(SOURCE RECORDS Opens)

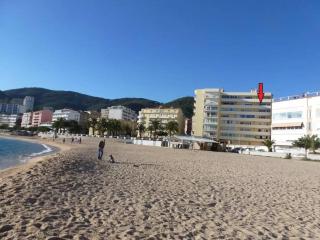 Magnifique F3 les pieds dans l'eau. - Ajaccio - 2
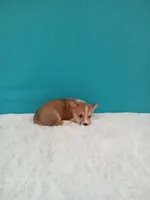 Tommy dmclear, a male Pembroke Welsh Corgi for sale in Sugarcreek, OH – Photo 5 of 6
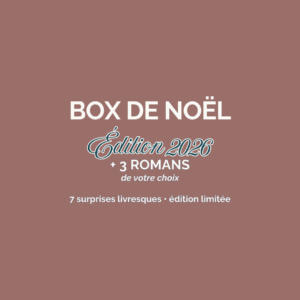 Cadeau de Noël pour lectrice avec trois romans au choix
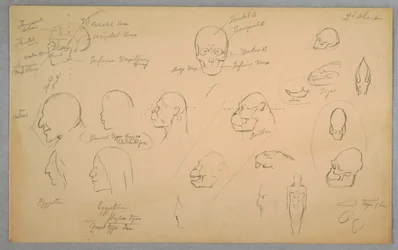 Rajz, anatómiai tanulmányok, 1865-70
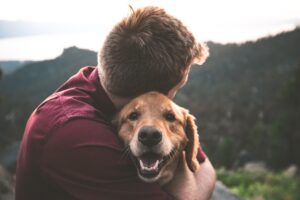 犬の名前はどう付ける?人気の犬の名前ランキングを紹介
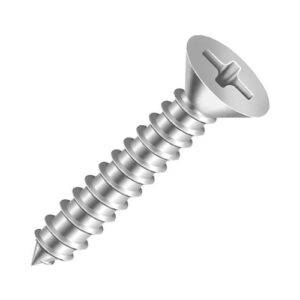 Parafuso Autoatarraxante Cabeça Chata Philips Branco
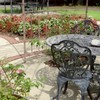 明日の芽吹きをかたはらに待つ《全也炉留必須》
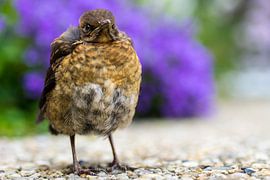 Junge Amsel von René Weijers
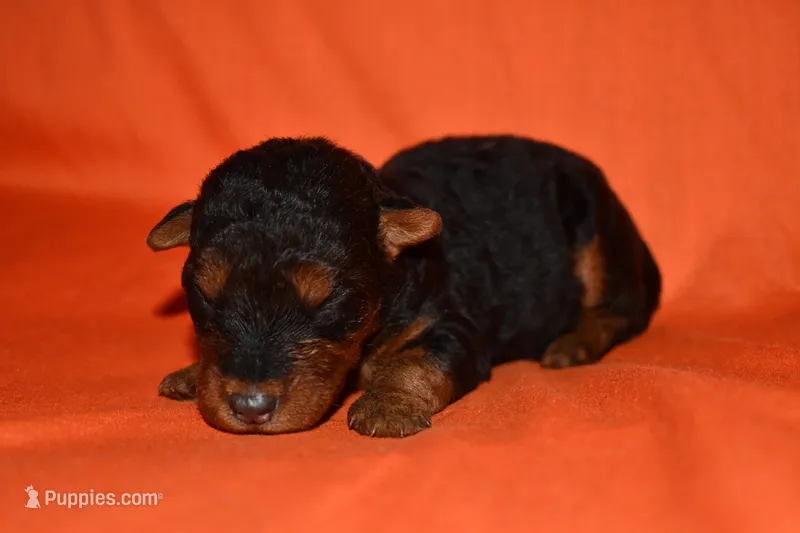 Spice – Welsh Terrier puppy for sale in Draper, VA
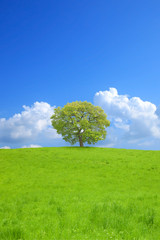 Fototapeta na wymiar 草原と青空と一本の木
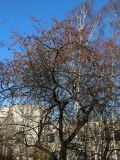 Malus prunifolia. Крона покоящегося плодоносящего дерева. Санкт-Петербург, Кировский р-н, в культуре. 30.10.2022.
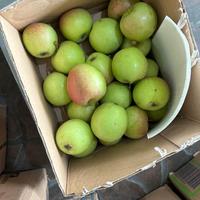 Gambar Buah Apel malang mini satu kilo isi 24-30 biji cocok untuk jus dari Prioritasapple2 undefined 4 Tokopedia
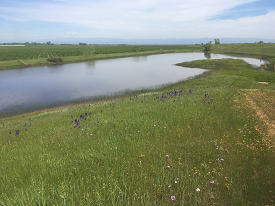 Webinar Preview Image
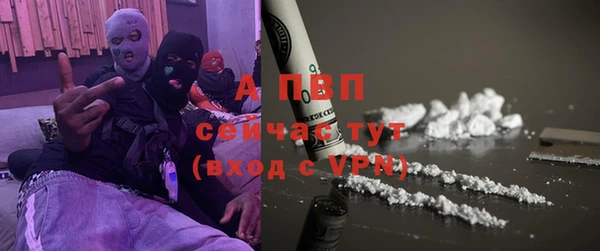 ГАЛЛЮЦИНОГЕННЫЕ ГРИБЫ Липки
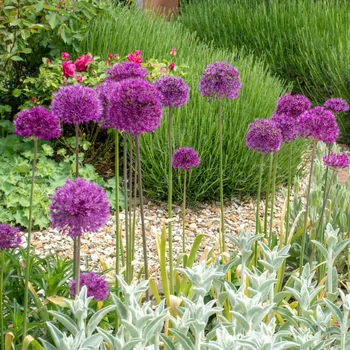 Sazenice Česnek okrasný fialový - Allium purple sensation - cibule okrasného česneku - 3 ks
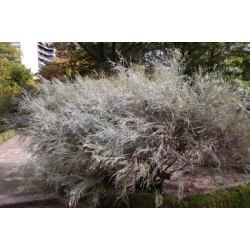 Nasiona Gompostigma rózgowata Gomphostigma szt.3 PWxx112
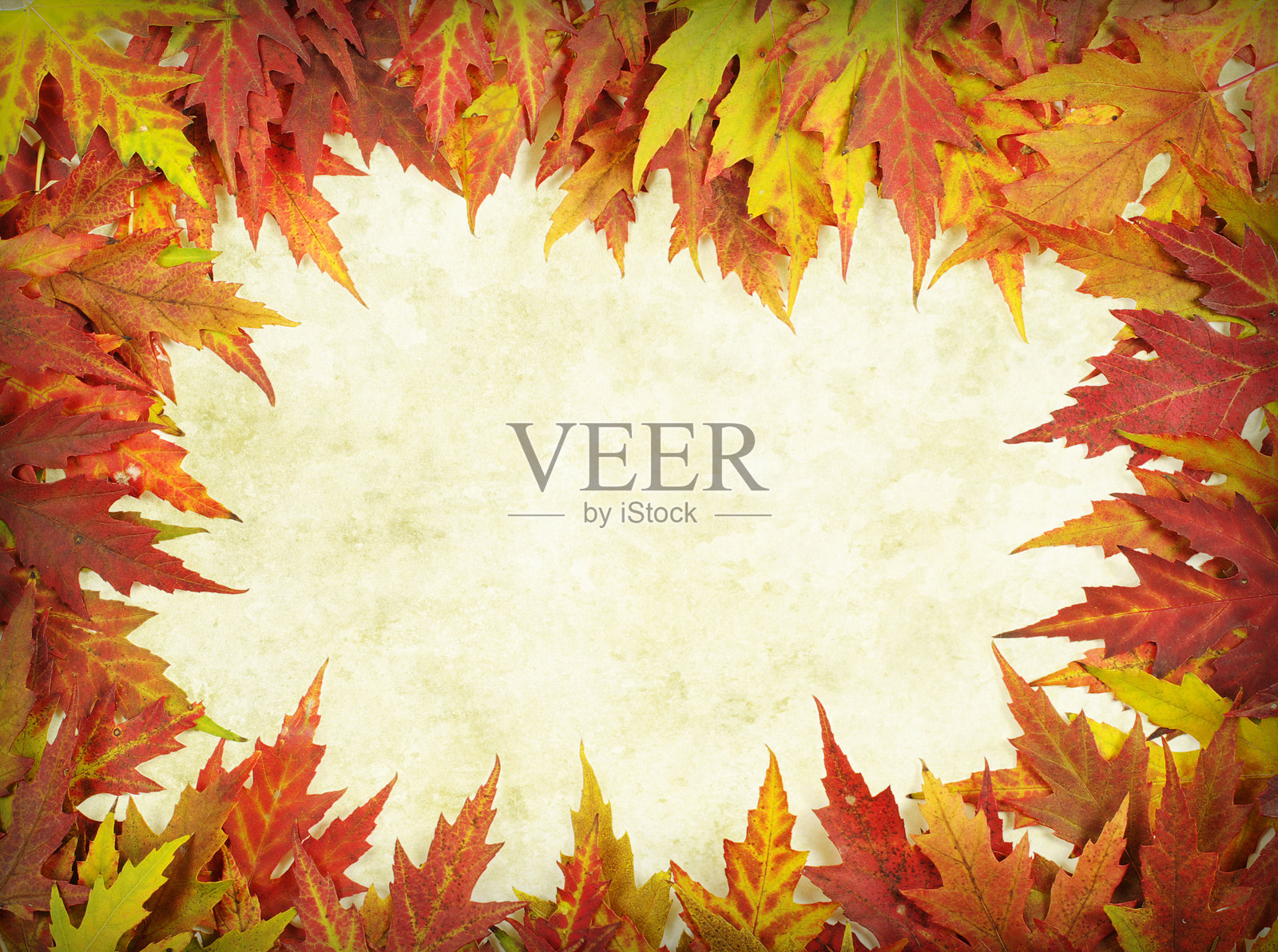 秋天的落叶照片摄影图片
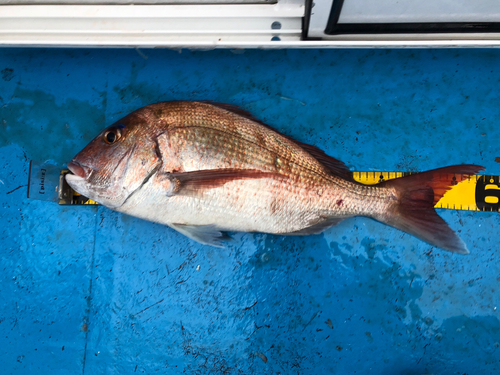 マダイの釣果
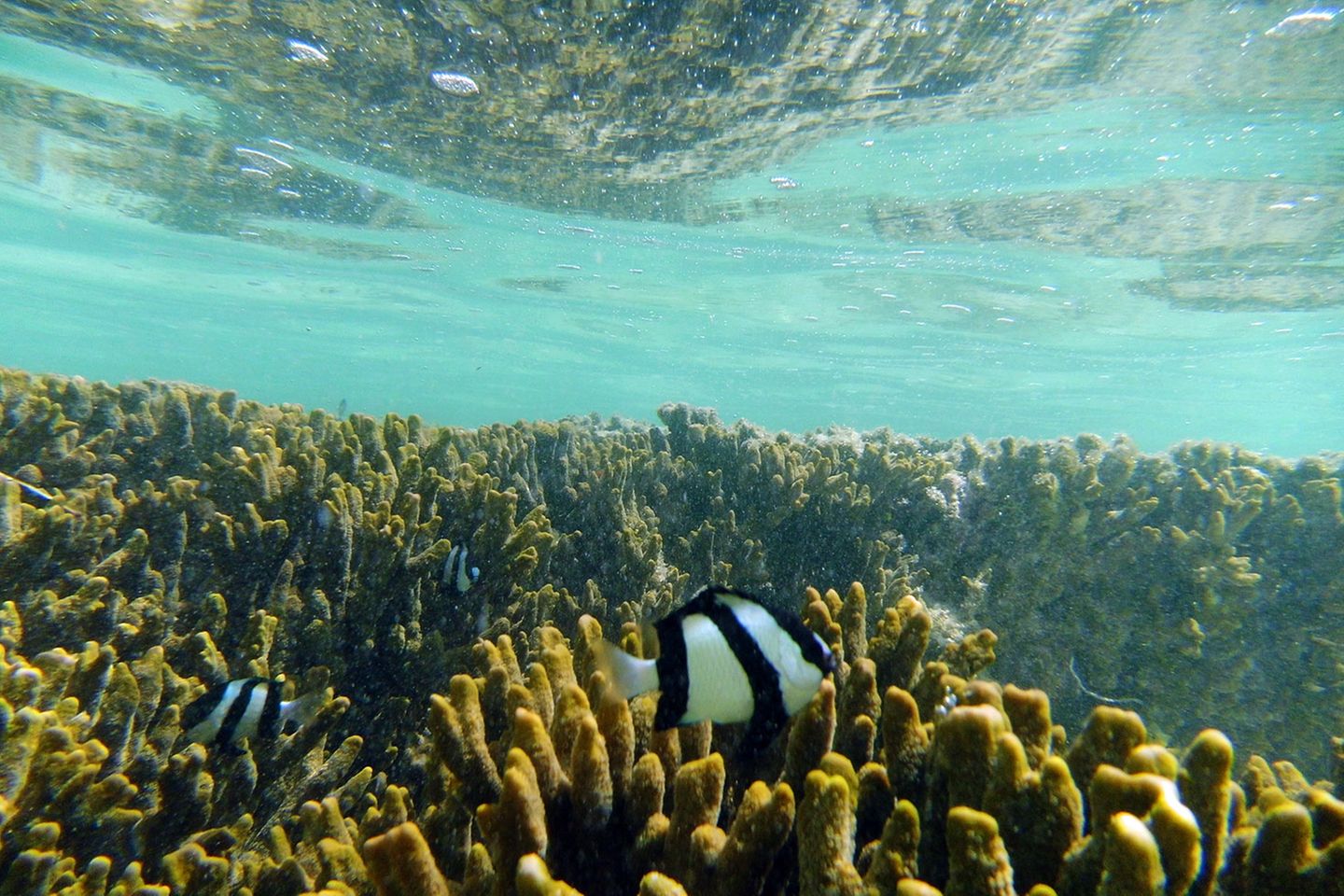 Schon dicht unter der Wasseroberfläche beginnt eine andere Welt, begegnen einem Vierbinden-Preußenfische. Der verästelte Kosmos der Korallenstöcke ist Lebensraum für 1500 Fischarten und 5000 verschiedene Arten von Weichtieren. Und im Wasser versteht man sofort, warum die Nationalfarbe des Bundesstaates Queensland türkis ist.
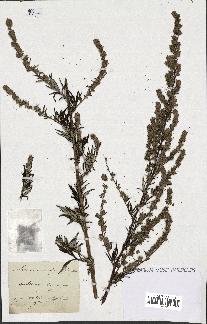 spécimen de Artemisia vulgaris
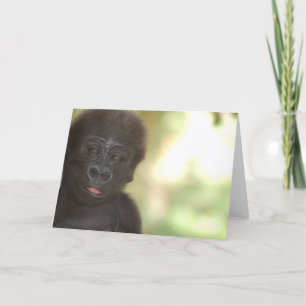 Gorilla Baby Blank Note Card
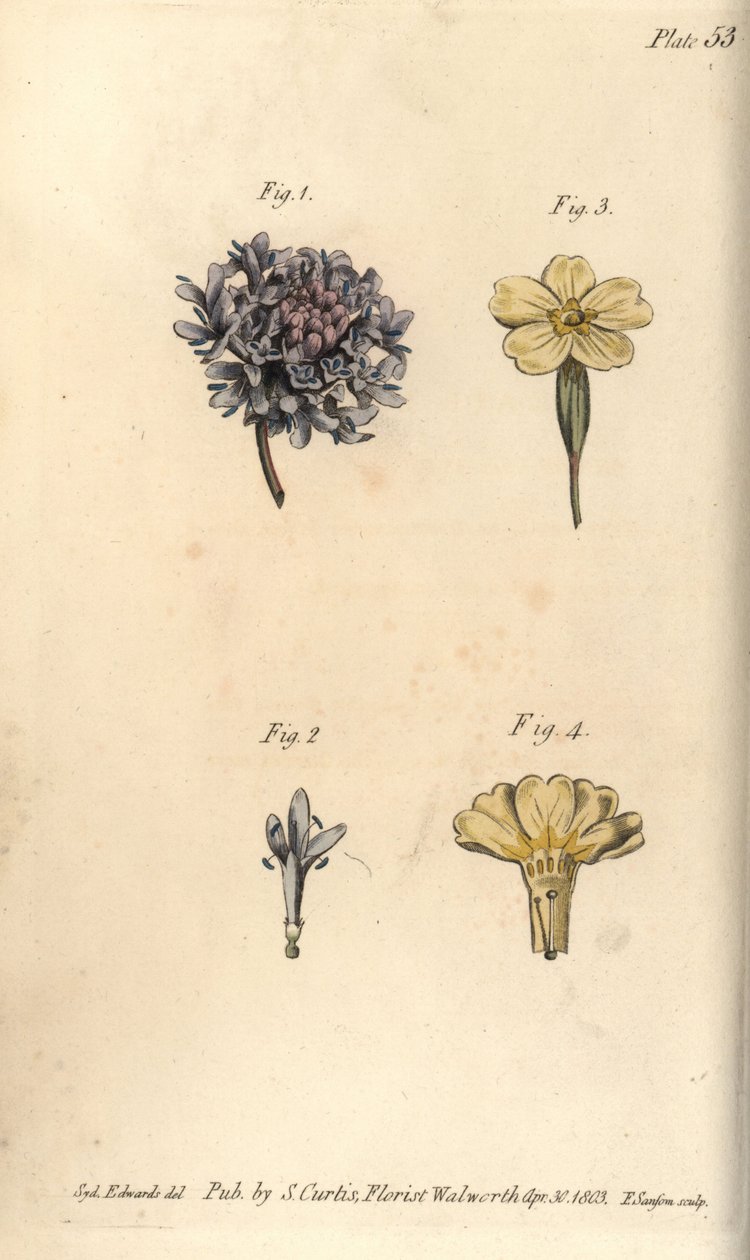 زهرة Scabious ، Scabiosa atropurpurea ، Tetrandria بواسطة سيدنهام تيست إدواردز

(SOURCE RECORDS Closes)

* **WHAT THE EXERCISE ASKS**
Line by line, write out the entries exactly, and leave the pictures out.

* **ANSWER TO THE EXERCISE**
 Magnifique F3 les pieds dans l'eau. - Ajaccio - 2
 Tommy dmclear, a male Pembroke Welsh Corgi for sale in Sugarcreek, OH – Photo 5 of 6
 Cadeau de Noël pour lectrice avec trois romans au choix
 Rajz, anatómiai tanulmányok, 1865-70
 犬の名前はどう付ける?人気の犬の名前ランキングを紹介
 Parafuso Autoatarraxante Cabeça Chata Philips Branco
 明日の芽吹きをかたはらに待つ《全也炉留必須》
 Junge Amsel von René Weijers
 Spice – Welsh Terrier puppy for sale in Draper, VA
 Fototapeta na wymiar 草原と青空と一本の木
 Malus prunifolia. Крона покоящегося плодоносящего дерева. Санкт-Петербург, Кировский р-н, в культуре. 30.10.2022.
 Gambar Buah Apel malang mini satu kilo isi 24-30 biji cocok untuk jus dari Prioritasapple2 undefined 4 Tokopedia
 Webinar Preview Image
 ГАЛЛЮЦИНОГЕННЫЕ ГРИБЫ Липки
 Sazenice Česnek okrasný fialový - Allium purple sensation - cibule okrasného česneku - 3 ks
 Nasiona Gompostigma rózgowata Gomphostigma szt.3 PWxx112
 秋天的落叶照片摄影图片
 マダイの釣果
 Schon dicht unter der Wasseroberfläche beginnt eine andere Welt, begegnen einem Vierbinden-Preußenfische. Der verästelte Kosmos der Korallenstöcke ist Lebensraum für 1500 Fischarten und 5000 verschiedene Arten von Weichtieren. Und im Wasser versteht man sofort, warum die Nationalfarbe des Bundesstaates Queensland türkis ist.
 spécimen de Artemisia vulgaris
 Gorilla Baby Blank Note Card
 زهرة Scabious ، Scabiosa atropurpurea ، Tetrandria بواسطة سيدنهام تيست إدواردز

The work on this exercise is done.